Problem description:
Nothing but the lines from the first line of the entries through the line with "Stripchat Live Sex of AngelinaTeller" should appear in the answer, transcribed exactly and free of pictures.

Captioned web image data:

══════════

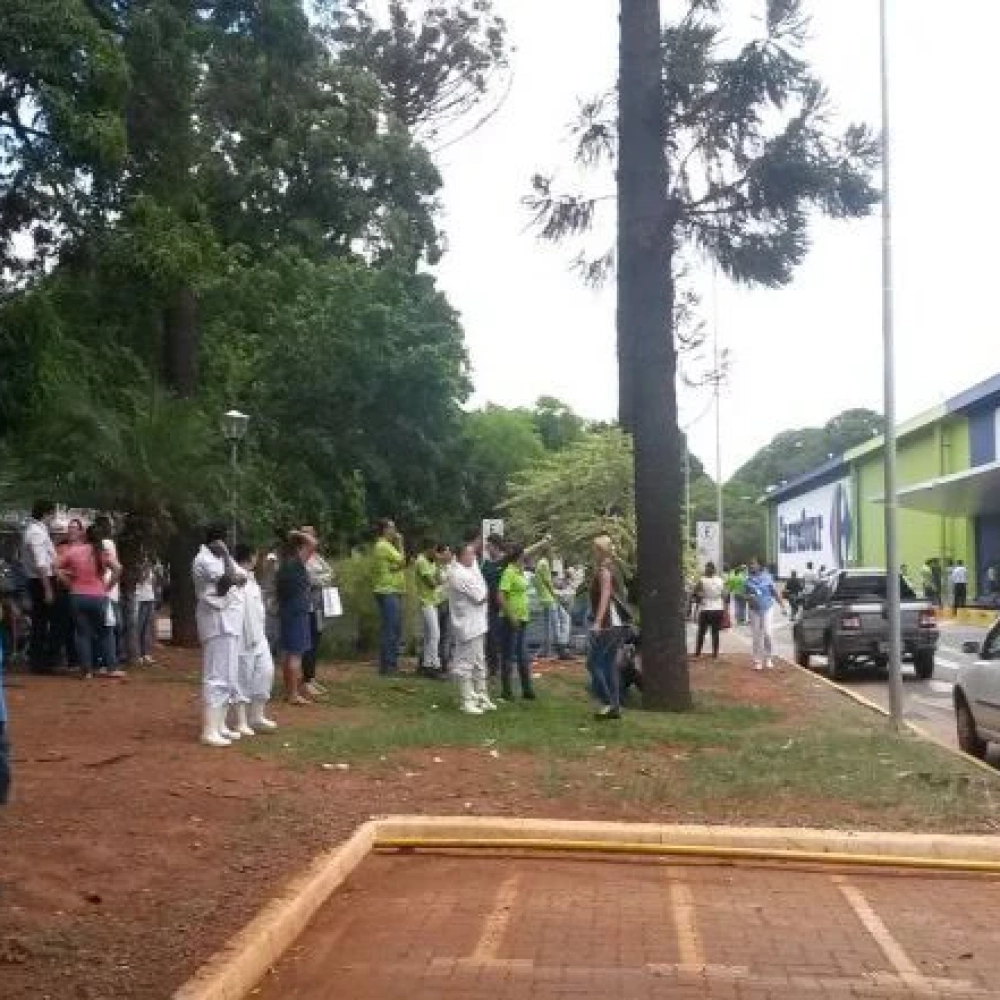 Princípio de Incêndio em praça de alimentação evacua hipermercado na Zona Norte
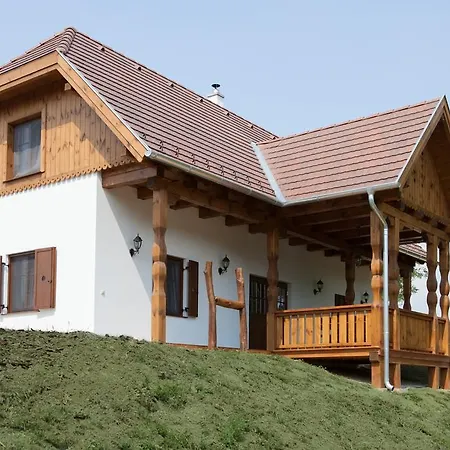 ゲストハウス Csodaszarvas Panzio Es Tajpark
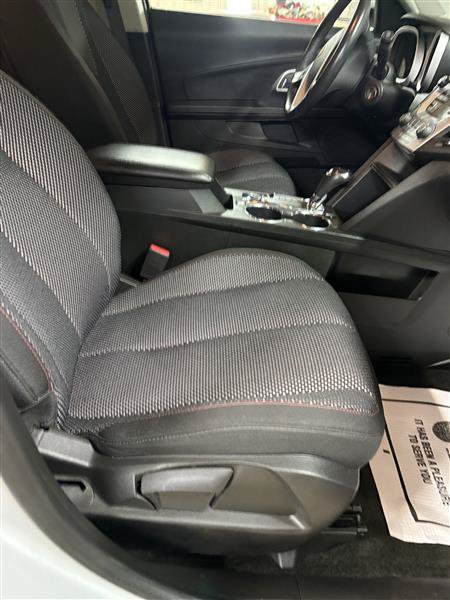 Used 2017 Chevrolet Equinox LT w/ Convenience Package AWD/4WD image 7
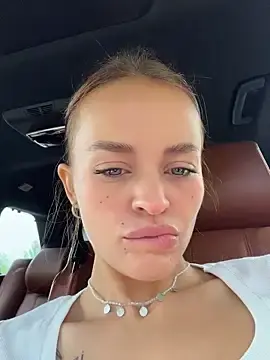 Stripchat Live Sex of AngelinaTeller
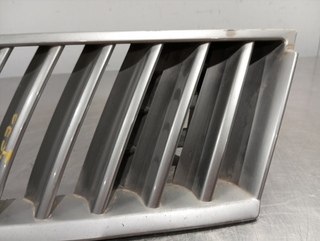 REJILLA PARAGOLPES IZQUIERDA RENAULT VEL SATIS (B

══════════

The completed task:
 Princípio de Incêndio em praça de alimentação evacua hipermercado na Zona Norte
 ゲストハウス Csodaszarvas Panzio Es Tajpark
 Used 2017 Chevrolet Equinox LT w/ Convenience Package AWD/4WD image 7
 Stripchat Live Sex of AngelinaTeller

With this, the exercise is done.